For all the encomia made by banking industry lobbyists to the value of the “free flow of information,” one finds examples where the industry restricts information sharing when it benefits them.
Capital One was one of the worst offenders. It’s complex, but the company was restricting information flow in such a way that it lowered cardholders’ credit scores. How? Capital One reported cardholders’ balances, not their credit limit. This practice makes a cardholder appear to have maxed out their credit card. Why? Because if your credit score is lower, it will be harder to get other credit cards. It’s an anticompetitive tactic.

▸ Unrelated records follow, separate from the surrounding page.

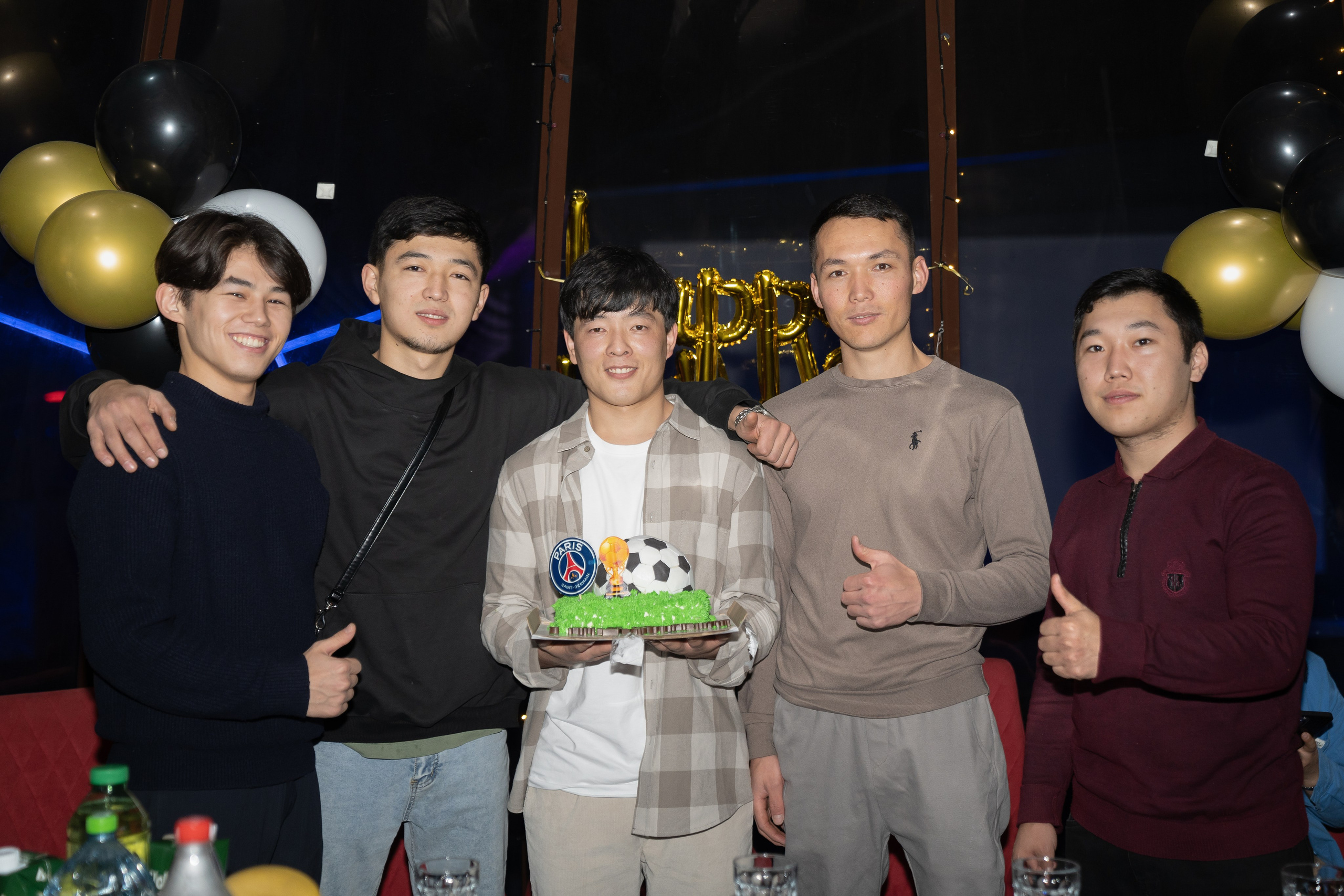 День рождения в большом семейном кругу. Фотограф Строгино Яна Гавриленко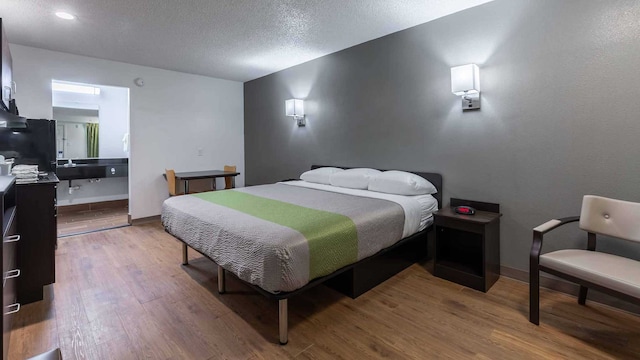 1 King Bed | Mobil Access Tub Nsmk Kitchen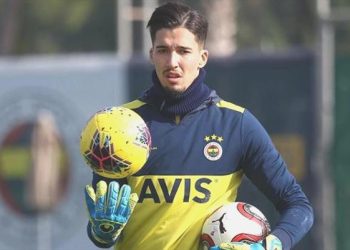 Altay Bayındır’a yeni teklif! İşte yeni kulübü…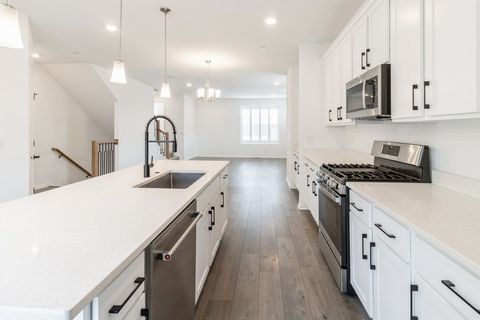 Tiny photo for 1533 Executive Way, Des Plaines, IL 60018 (MLS # 12493671)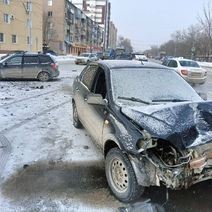 В Оренбурге дорогу не поделили два ВАЗа, пострадал пенсионер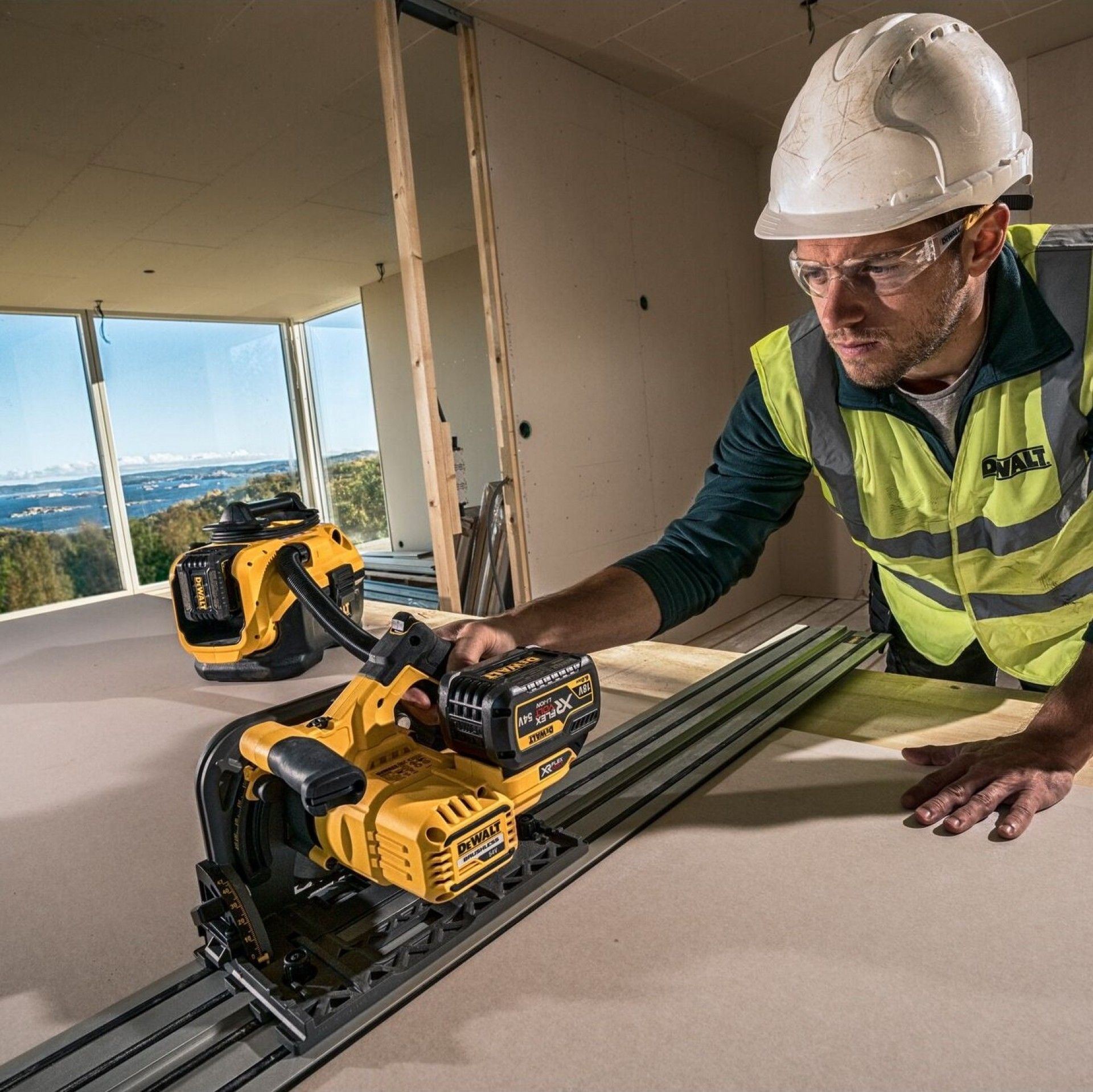 Aspirador 18V refª DCV584L-QW DEWALT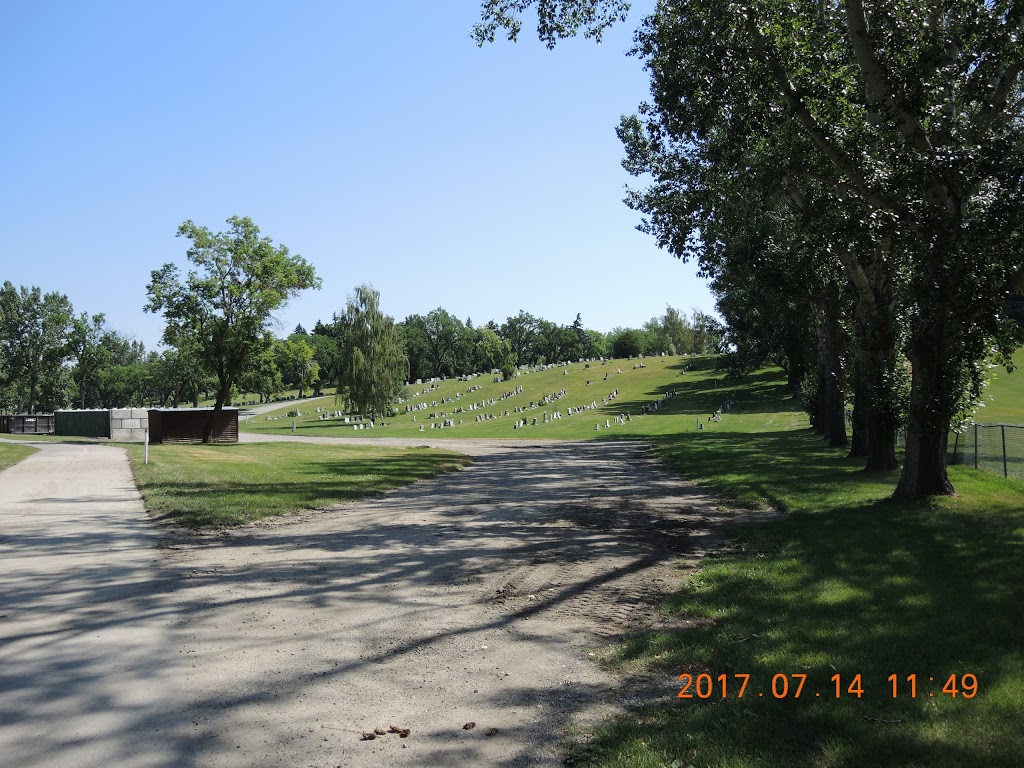 Queens Park Cemetery | 3219 4 St NW, Calgary, AB T2M 3A6, Canada | Phone: (403) 221-3660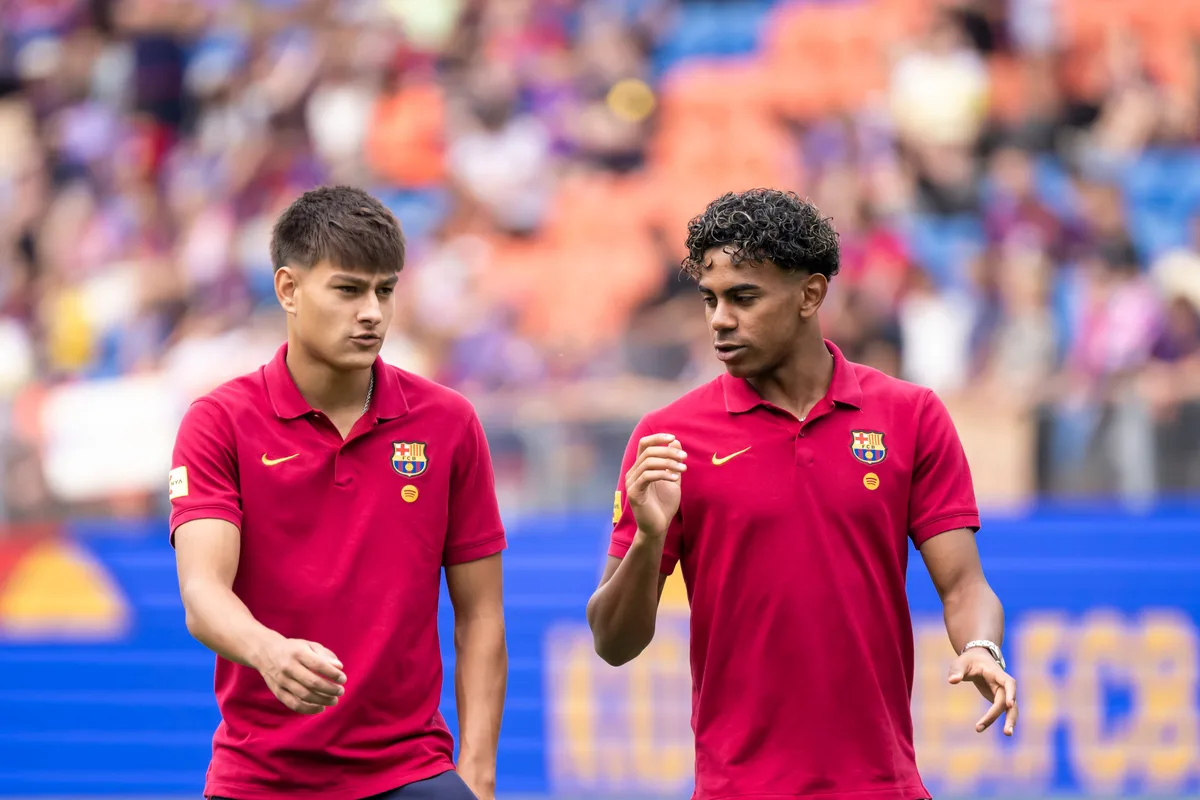 Brian Fariñas: un amigo de Lamine y un dorsal histórico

Kenneth R. Harney of the Washington Post explains the problem very clearly, and reports that Capital One has finally ended this practice. And they blamed it on privacy:
Over the years, Capital One has brushed off criticism that it was needlessly harming its customers by withholding their account limits from the credit bureaus. Equally bad, said some consumer groups, Capital One never disclosed the practice to its customers. Although industry critics said Capital One’s purpose was to hide its good customers from competitors searching credit-bureau files for attractive FICO scores, the company said it was protecting customers’ privacy.
If you have a Capital One card, consider canceling it in light of this terrible behavior. Need a new credit card? Be sure to use Consumer Action’s 2007 Credit Card Survey to find the best card with the lowest fees and rates.